**Provided material:**
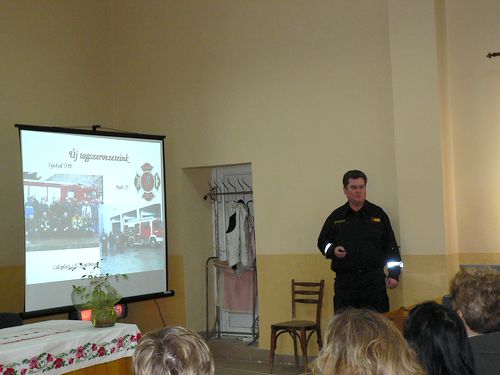 Pernyák Sándor tű. ezredes a Szabolcs-Szatmár-Bereg Megyei Katasztrófavédelmi Igazgatóság Igazgatója tartott előadást a helyi és egyesületi tűzoltóságok működéséről és jelentőségéről pernyák sándor szabolcs megyei katasztrófavédelem konferencia civil szervezet nagydobrony ajak tűzoltó polgárőr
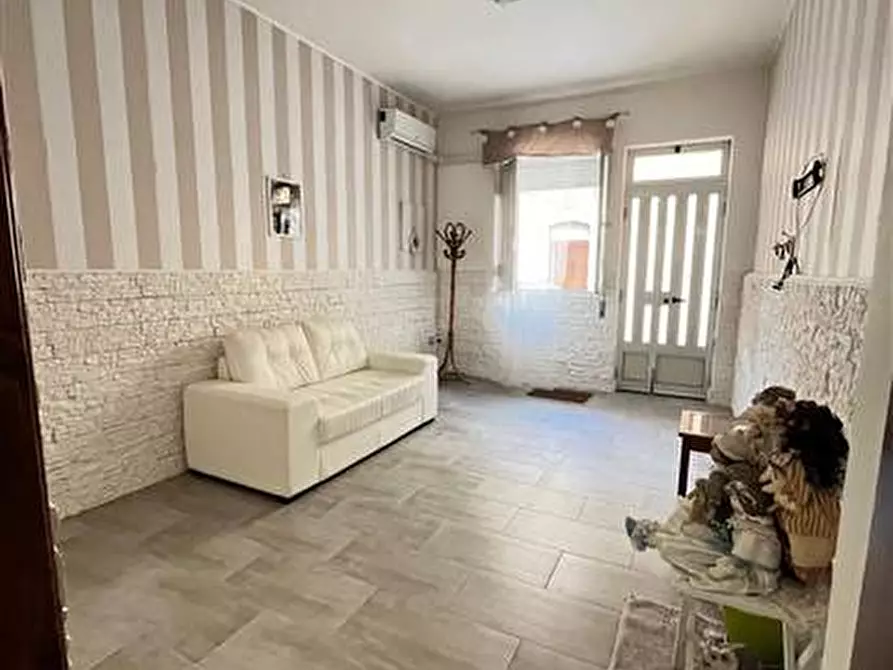 Immagine 3 di Casa indipendente in vendita  a Solarino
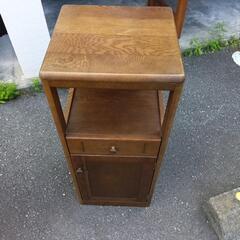 カリモク電話台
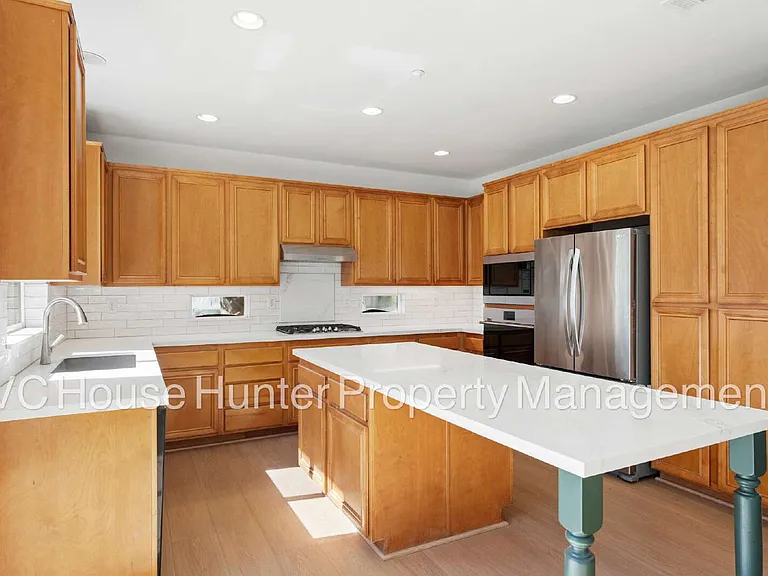 708 Entrada Dr — Photo 17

**Work to be completed:** The final stretch of the data, from the line with "Immagine 3 di" through its last line, is to be retyped exactly; pictures are not part of the copy.

**Answer to the exercise:**
 Immagine 3 di Casa indipendente in vendita  a Solarino
 カリモク電話台
 708 Entrada Dr — Photo 17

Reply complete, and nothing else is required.